How to Check if Food Is Halal

Three methods let you verify halal status for any packaged food or restaurant meal.

The first method is checking for a halal certification logo. A recognized body such as IFANCA, HMC, or JAKIM has audited the product and confirmed it meets Islamic dietary law. The logo appears on the front or back of the packaging, near the nutritional information panel.

The second method is reading the ingredients list. Even without a logo, you can screen for haram ingredients by scanning for pork derivatives, alcohol-based additives, and flagged E numbers. This takes more knowledge but works for any product in any country.

The third method is searching the certifying body’s official product database. Bodies including IFANCA, HMC, and JAKIM publish searchable online registries. You can confirm whether a specific brand or product is currently certified, not just relying on the logo alone.

Using all three methods together gives the highest confidence level.

Recognized halal logos tell you a third-party body has already done the verification work. The logo to look for depends on where the product was made and where you are buying it.

USA logos to recognize:

IFANCA (Islamic Food and Nutrition Council of America) issues the crescent-M logo, one of the most common halal marks on US shelves. It appears on thousands of products including spices, processed foods, and beverages. ISNA (Islamic Society of North America) certifies both packaged goods and food service operators. ISA (Islamic Services of America), founded in 1975 in Cedar Rapids, Iowa, is one of the oldest American halal bodies and certifies meat and poultry specifically.

UK logos to recognize:

HMC (Halal Monitoring Committee) requires hand-slaughter without pre-stunning for every product it certifies. HMC conducts unannounced audits at certified abattoirs. HFA (Halal Food Authority) has been certifying products since 1994 and accepts some forms of reversible electrical stunning for poultry. If you follow a non-stunned requirement, HMC is stricter than HFA.

International logos to recognize:

JAKIM (Malaysia) is one of the most respected halal logos in the world. Products exported from Malaysia and carrying the JAKIM logo have passed factory, ingredient, and slaughter audits. MUI (Indonesia) covers products from the world’s largest Muslim-majority country.

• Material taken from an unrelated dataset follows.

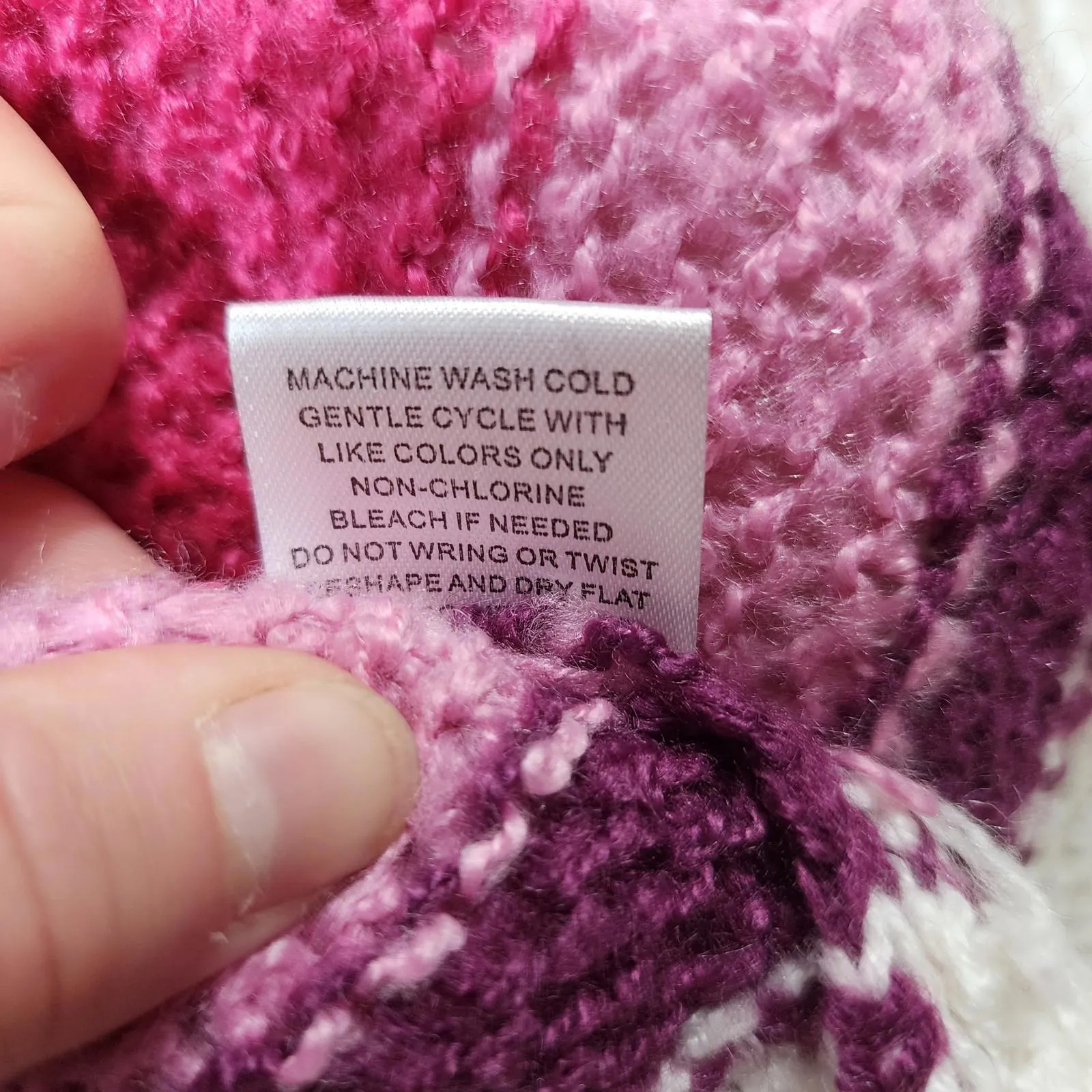 Charlotte Russe Oversized Knit Cardigan Sweater XL White Pink Casual Puff Sleeve - Image 5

ESMA (UAE) certifies products manufactured in and exported from the United Arab Emirates.

Where the logo appears on packaging:

The halal logo is usually printed on the front of the pack or on the back label near the ingredient list or nutritional information panel. Some products place it near the manufacturer’s address. On tins and cans, check the base or side panel.

What the absence of a logo means:

A missing logo does not mean the product is haram. Many small manufacturers and imported goods carry no certification because the certification process has a cost. Certification fees from bodies like IFANCA can range from several hundred to several thousand US dollars per product line per year. A manufacturer selling primarily to a non-Muslim market may not pursue certification even if the product contains no haram ingredients. In this case, the ingredient check in Step 2 becomes essential.

Step 2: Read the Ingredients List

The ingredients list is your primary tool when no halal logo is present. Focus on four categories: pork derivatives, alcohol, flagged E numbers, and ambiguous terms that may hide haram sources.

Pork derivatives to spot:

  • Lard: rendered pig fat, used in pastry, biscuits, and fried snacks
  • Pork gelatin: found in marshmallows, gummy candies, some yogurts, and capsule-form supplements
  • Pig fat: used in some margarine and processed meat products
  • E441: gelatin listed as an E number, derived from pig or bovine bones and hides (check the source)

Alcohol-based ingredients to spot:

  • Ethanol or ethyl alcohol in flavoring extracts (vanilla extract is commonly alcohol-based)
  • Wine, beer, or spirits listed directly in ingredient names
  • “Natural flavors” or “artificial flavors” can mask alcohol-derived flavor carriers. Contact the manufacturer to confirm if no further information is available on the label.

Haram E numbers to watch:

  • E120 (cochineal, carmine): a red dye derived from crushed insects. Insects are not halal under the majority Hanafi position.
  • E441: gelatin (see above)
  • E542: edible bone phosphate, derived from animal bones. The animal source determines halal status.
  • E631 (disodium inosinate): a flavor enhancer that may be pork-derived. It is often used together with MSG. Pork-derived E631 is haram. When in doubt, contact the manufacturer.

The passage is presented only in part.